- _Exercise brief_
All of the records below should be retyped exactly, with no pictures included.

- _Records from a data source_
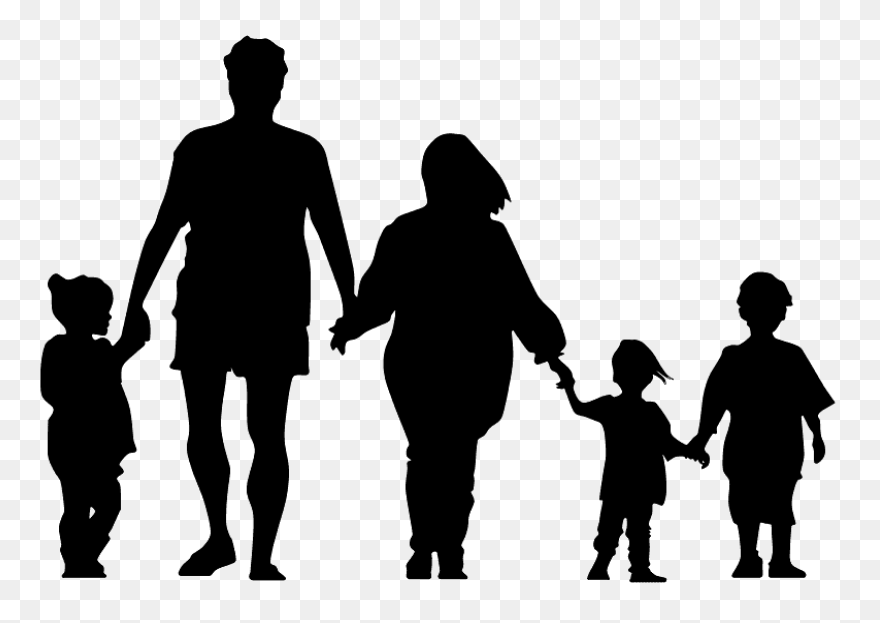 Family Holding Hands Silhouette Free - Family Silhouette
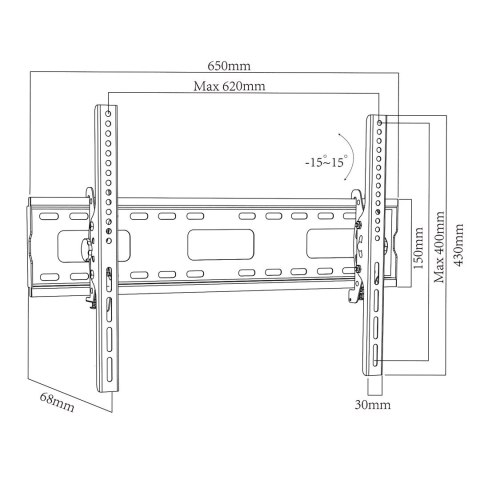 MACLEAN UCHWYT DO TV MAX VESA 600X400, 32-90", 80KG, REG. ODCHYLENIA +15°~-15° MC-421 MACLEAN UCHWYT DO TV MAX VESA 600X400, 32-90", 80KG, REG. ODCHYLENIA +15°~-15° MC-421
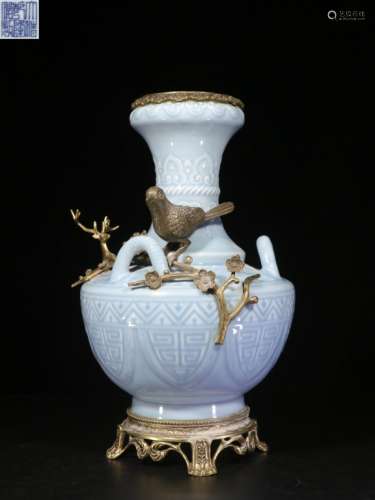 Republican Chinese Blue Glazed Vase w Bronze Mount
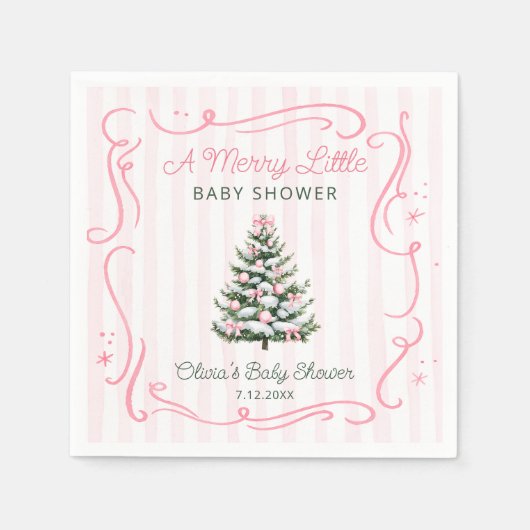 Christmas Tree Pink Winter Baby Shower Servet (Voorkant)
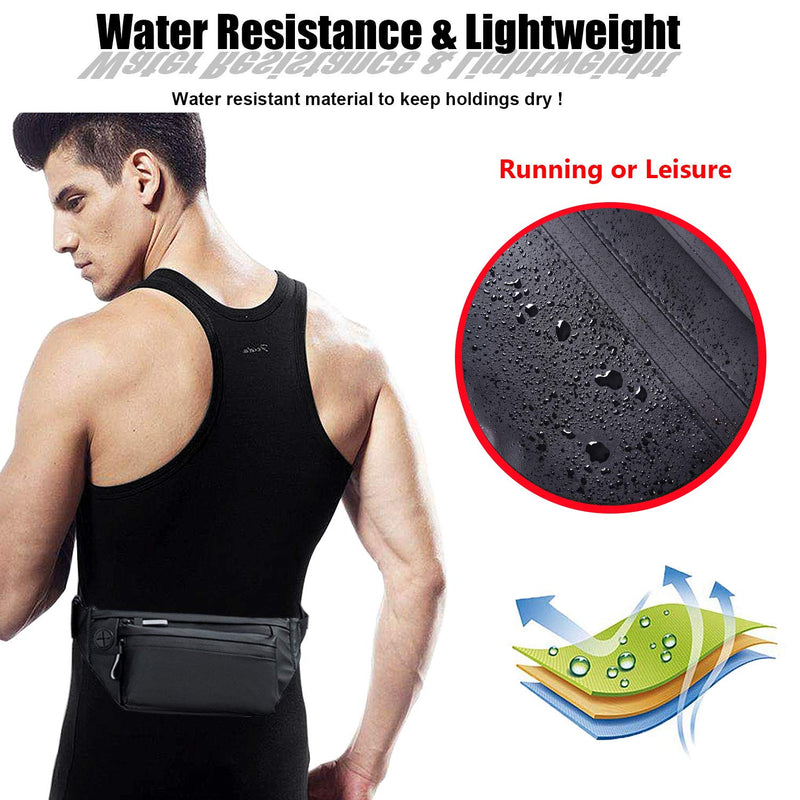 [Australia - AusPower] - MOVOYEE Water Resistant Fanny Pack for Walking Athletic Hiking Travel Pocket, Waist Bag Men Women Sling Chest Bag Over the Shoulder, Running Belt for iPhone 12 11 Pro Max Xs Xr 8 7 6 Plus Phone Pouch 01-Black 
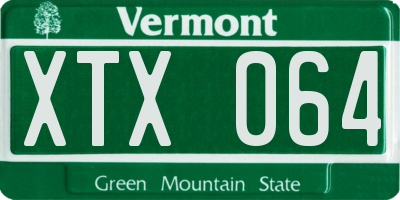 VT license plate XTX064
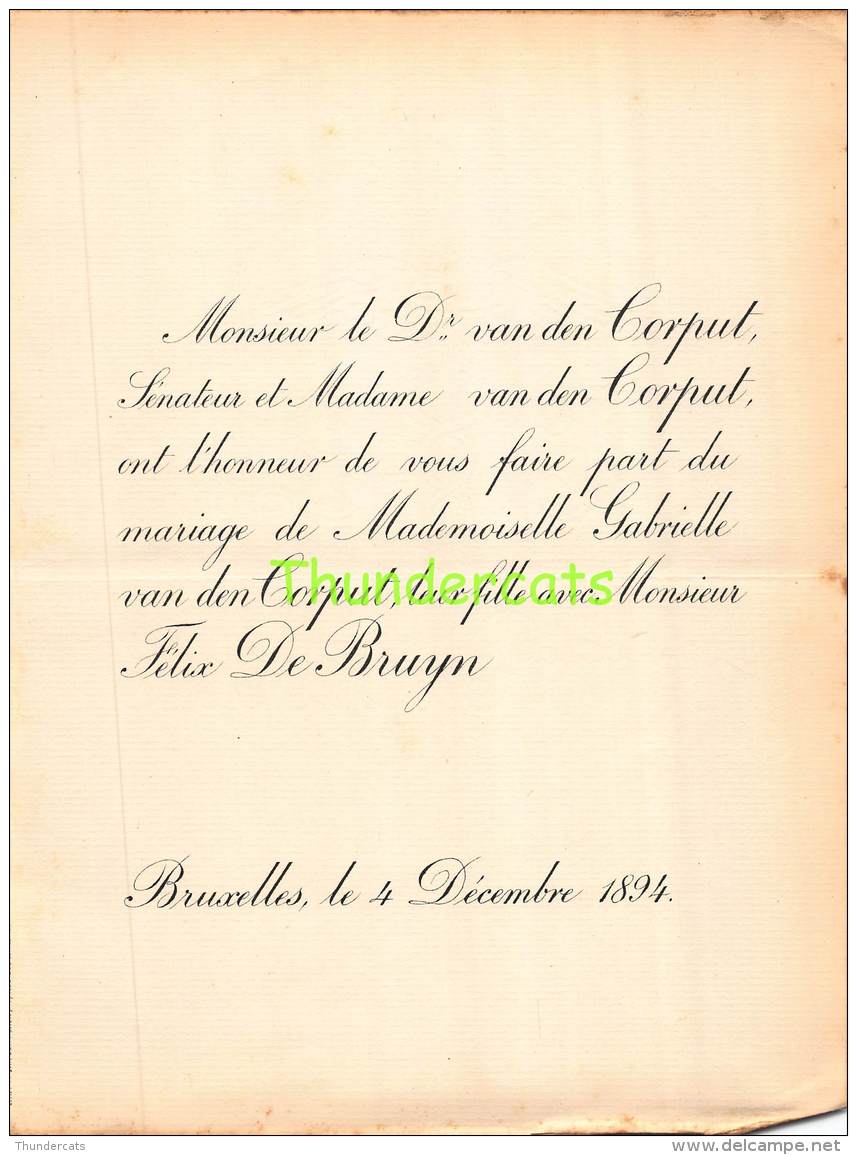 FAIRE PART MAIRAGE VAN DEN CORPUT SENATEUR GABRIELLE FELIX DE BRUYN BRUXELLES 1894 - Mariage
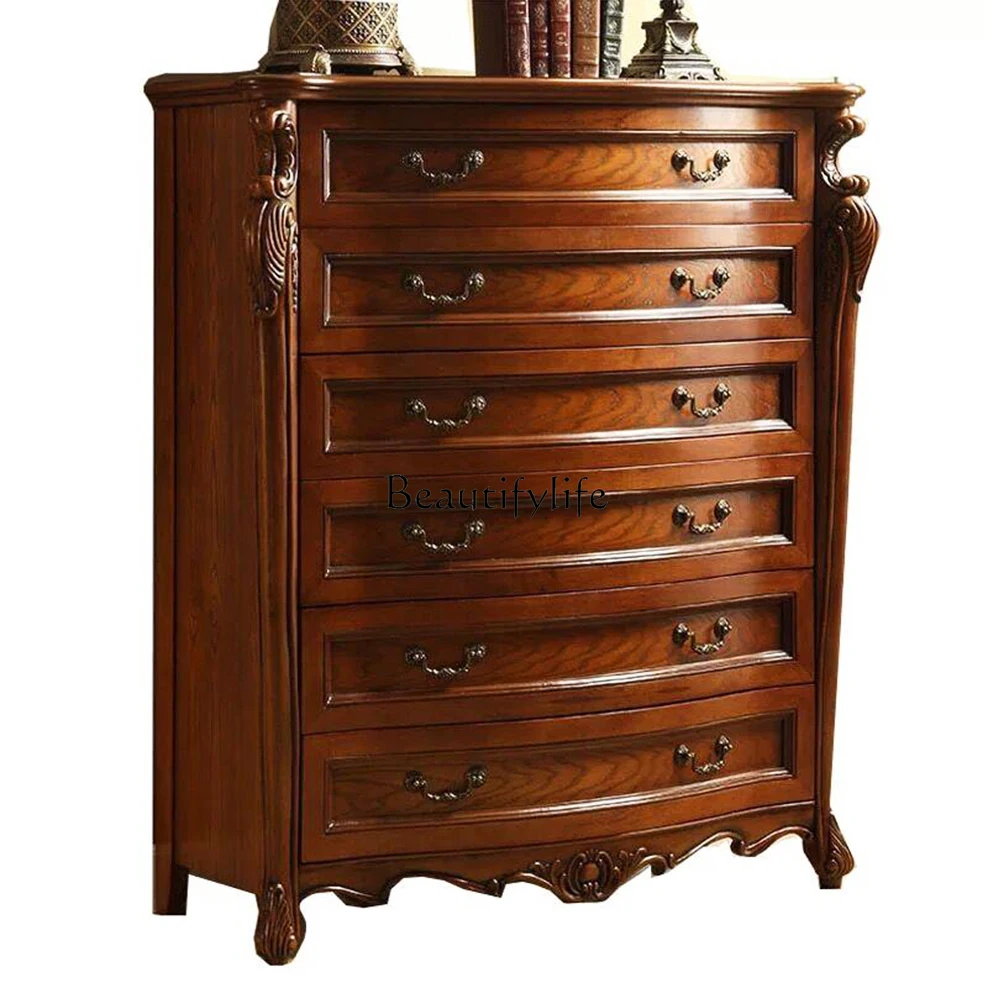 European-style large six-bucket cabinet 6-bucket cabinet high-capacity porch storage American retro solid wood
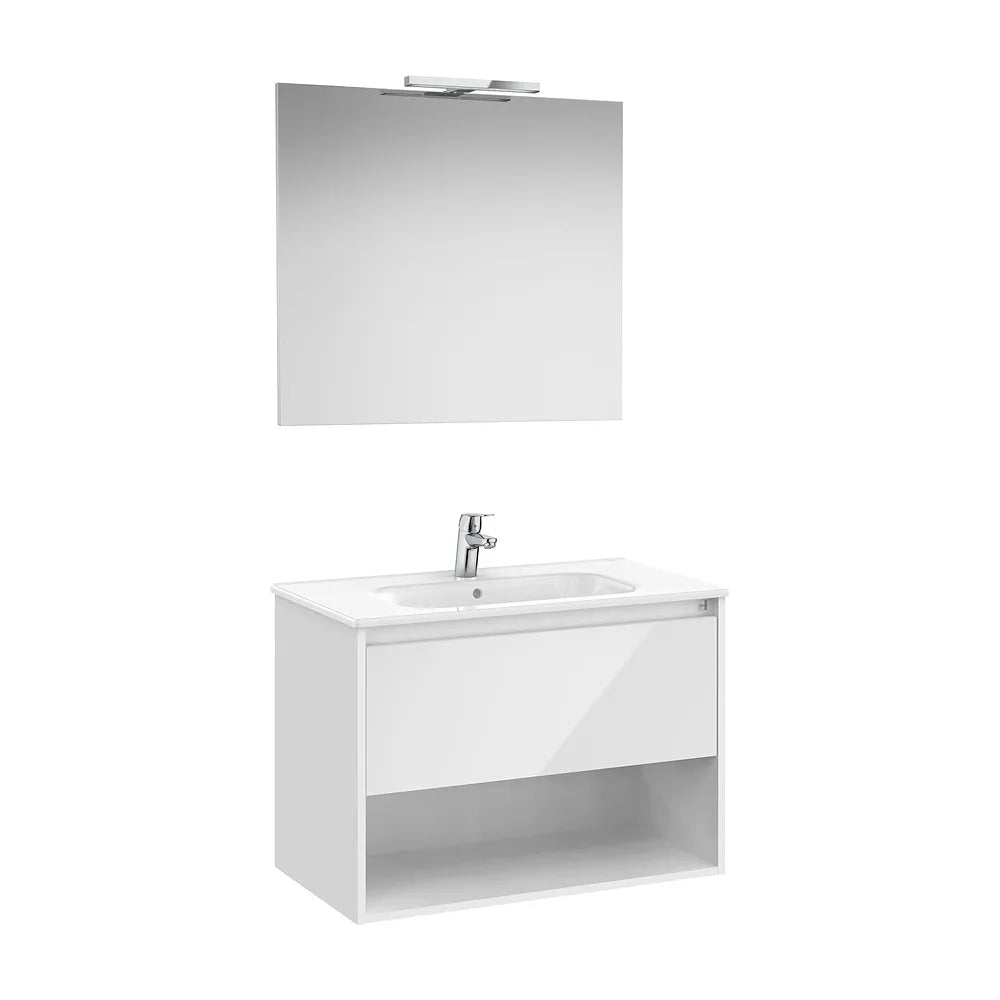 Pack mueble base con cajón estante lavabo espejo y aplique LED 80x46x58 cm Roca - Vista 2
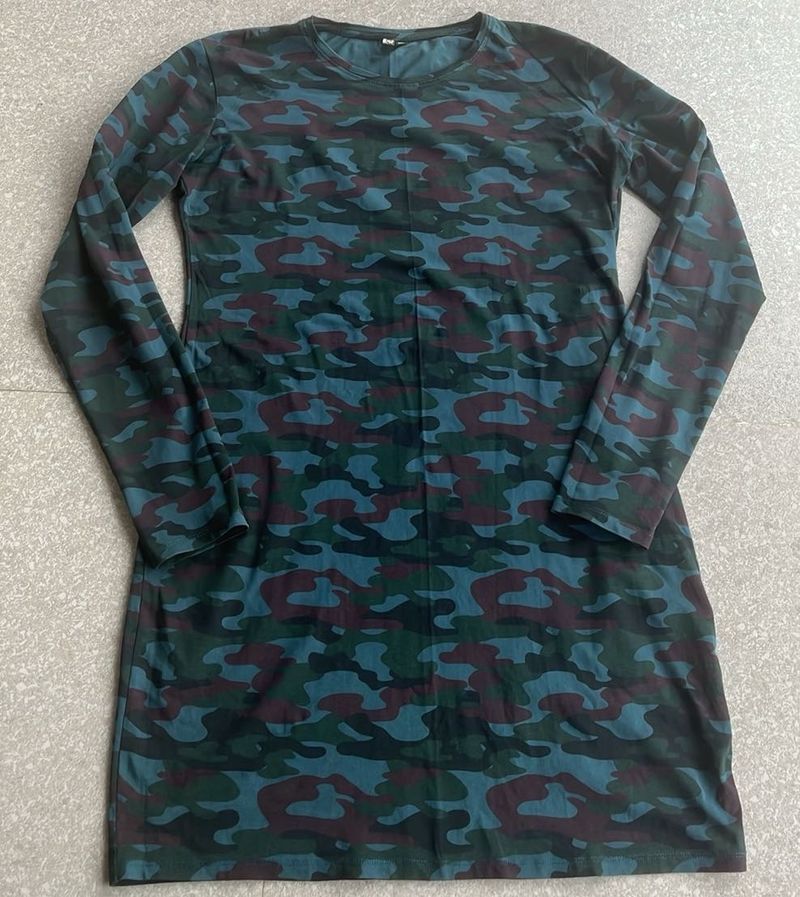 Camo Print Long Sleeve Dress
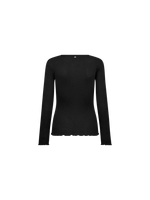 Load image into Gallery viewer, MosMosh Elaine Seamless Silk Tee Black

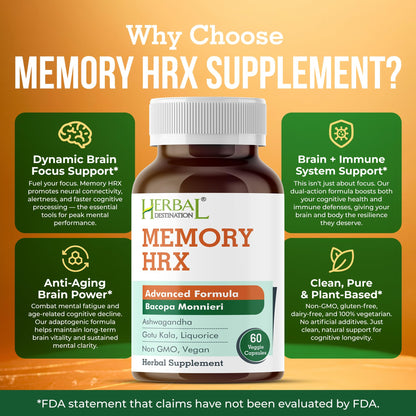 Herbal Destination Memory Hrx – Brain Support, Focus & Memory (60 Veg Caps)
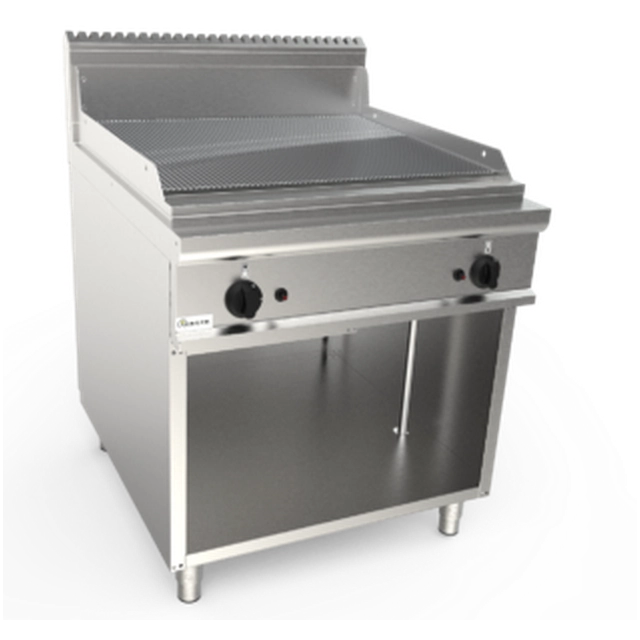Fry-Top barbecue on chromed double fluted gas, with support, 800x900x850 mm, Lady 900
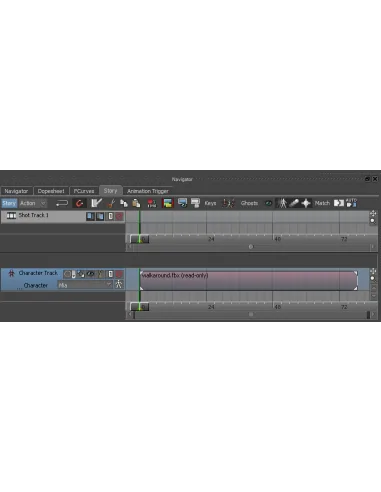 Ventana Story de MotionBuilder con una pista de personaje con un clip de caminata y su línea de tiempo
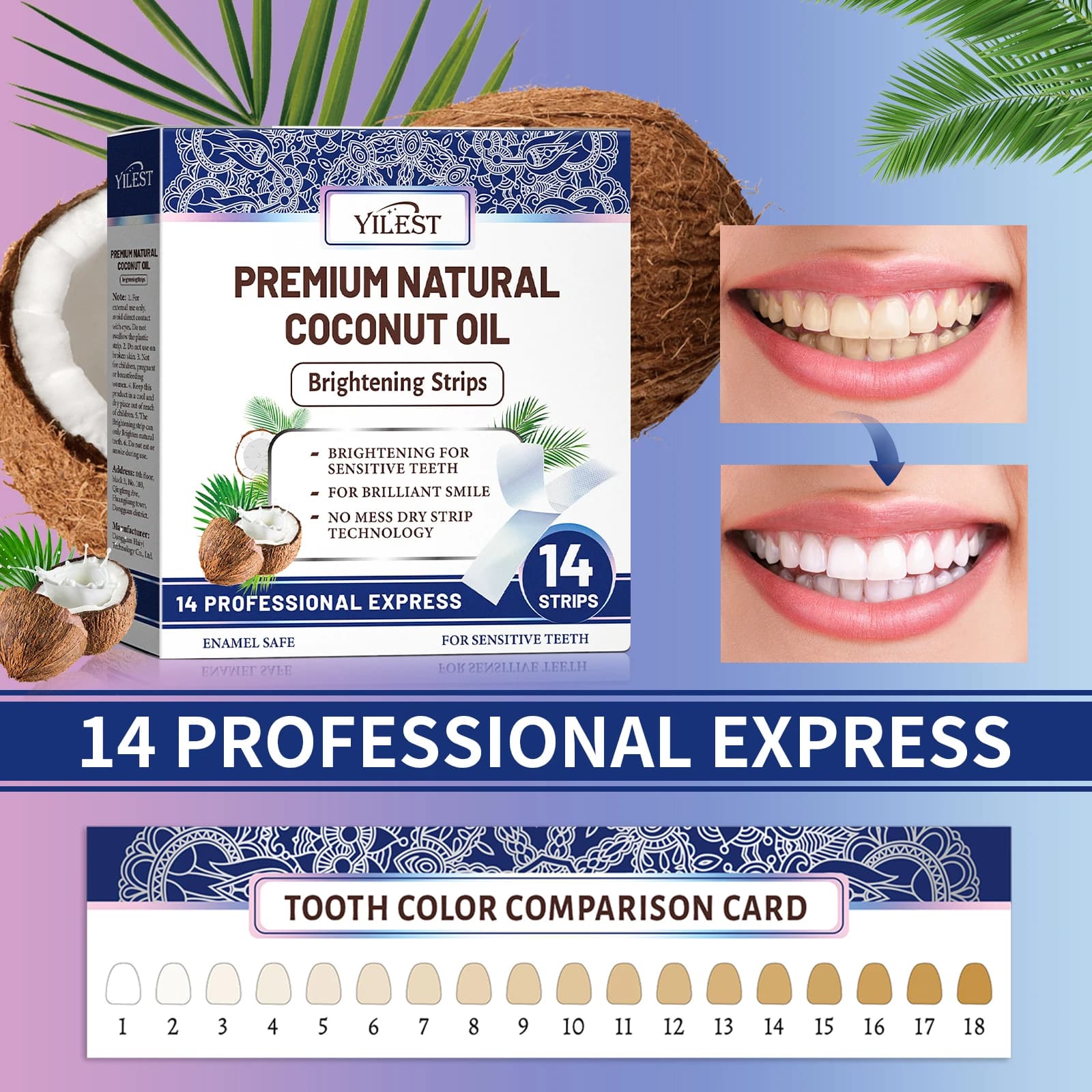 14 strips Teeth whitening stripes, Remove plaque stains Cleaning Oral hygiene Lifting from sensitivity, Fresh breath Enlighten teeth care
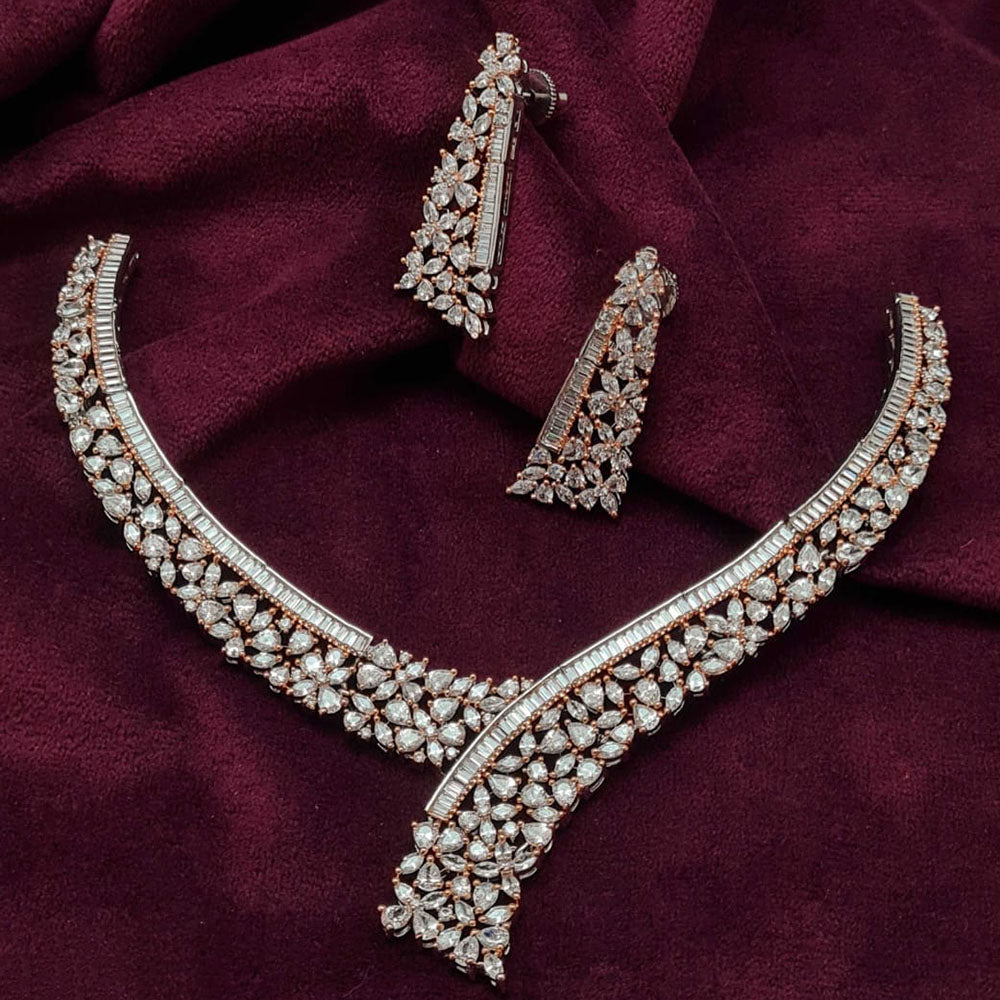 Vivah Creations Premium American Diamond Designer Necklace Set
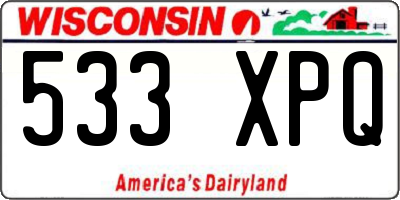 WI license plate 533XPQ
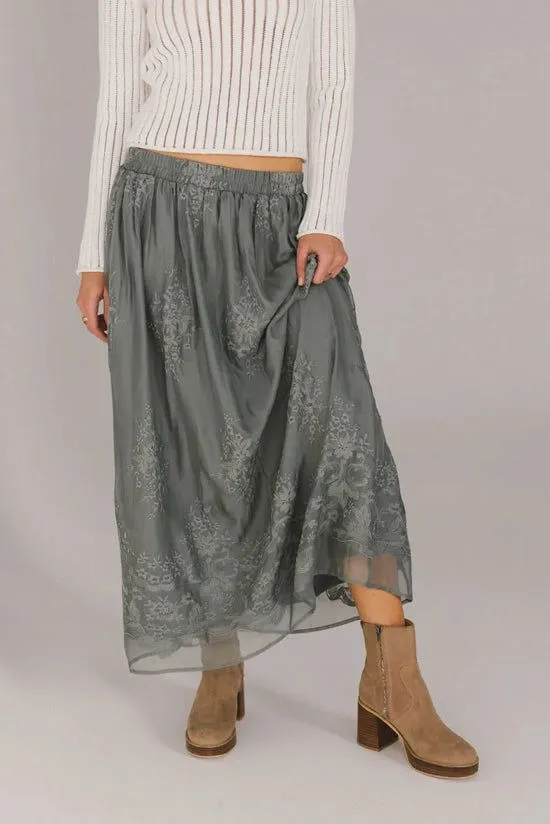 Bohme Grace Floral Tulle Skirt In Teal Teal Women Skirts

- _The answer_
 Family Holding Hands Silhouette Free - Family Silhouette
 MACLEAN UCHWYT DO TV MAX VESA 600X400, 32-90", 80KG, REG. ODCHYLENIA +15°~-15° MC-421 MACLEAN UCHWYT DO TV MAX VESA 600X400, 32-90", 80KG, REG. ODCHYLENIA +15°~-15° MC-421
 Republican Chinese Blue Glazed Vase w Bronze Mount
 Christmas Tree Pink Winter Baby Shower Servet (Voorkant)
 [Australia - AusPower] - MOVOYEE Water Resistant Fanny Pack for Walking Athletic Hiking Travel Pocket, Waist Bag Men Women Sling Chest Bag Over the Shoulder, Running Belt for iPhone 12 11 Pro Max Xs Xr 8 7 6 Plus Phone Pouch 01-Black 
 VT license plate XTX064
 FAIRE PART MAIRAGE VAN DEN CORPUT SENATEUR GABRIELLE FELIX DE BRUYN BRUXELLES 1894 - Mariage
 European-style large six-bucket cabinet 6-bucket cabinet high-capacity porch storage American retro solid wood
 Pack mueble base con cajón estante lavabo espejo y aplique LED 80x46x58 cm Roca - Vista 2
 Camo Print Long Sleeve Dress
 Load image into Gallery viewer, MosMosh Elaine Seamless Silk Tee Black

 Herbal Destination Memory Hrx – Brain Support, Focus & Memory (60 Veg Caps)
Fry-Top barbecue on chromed double fluted gas, with support, 800x900x850 mm, Lady 900
 Ventana Story de MotionBuilder con una pista de personaje con un clip de caminata y su línea de tiempo
 14 strips Teeth whitening stripes, Remove plaque stains Cleaning Oral hygiene Lifting from sensitivity, Fresh breath Enlighten teeth care
 Vivah Creations Premium American Diamond Designer Necklace Set
 WI license plate 533XPQ
 Bohme Grace Floral Tulle Skirt In Teal Teal Women Skirts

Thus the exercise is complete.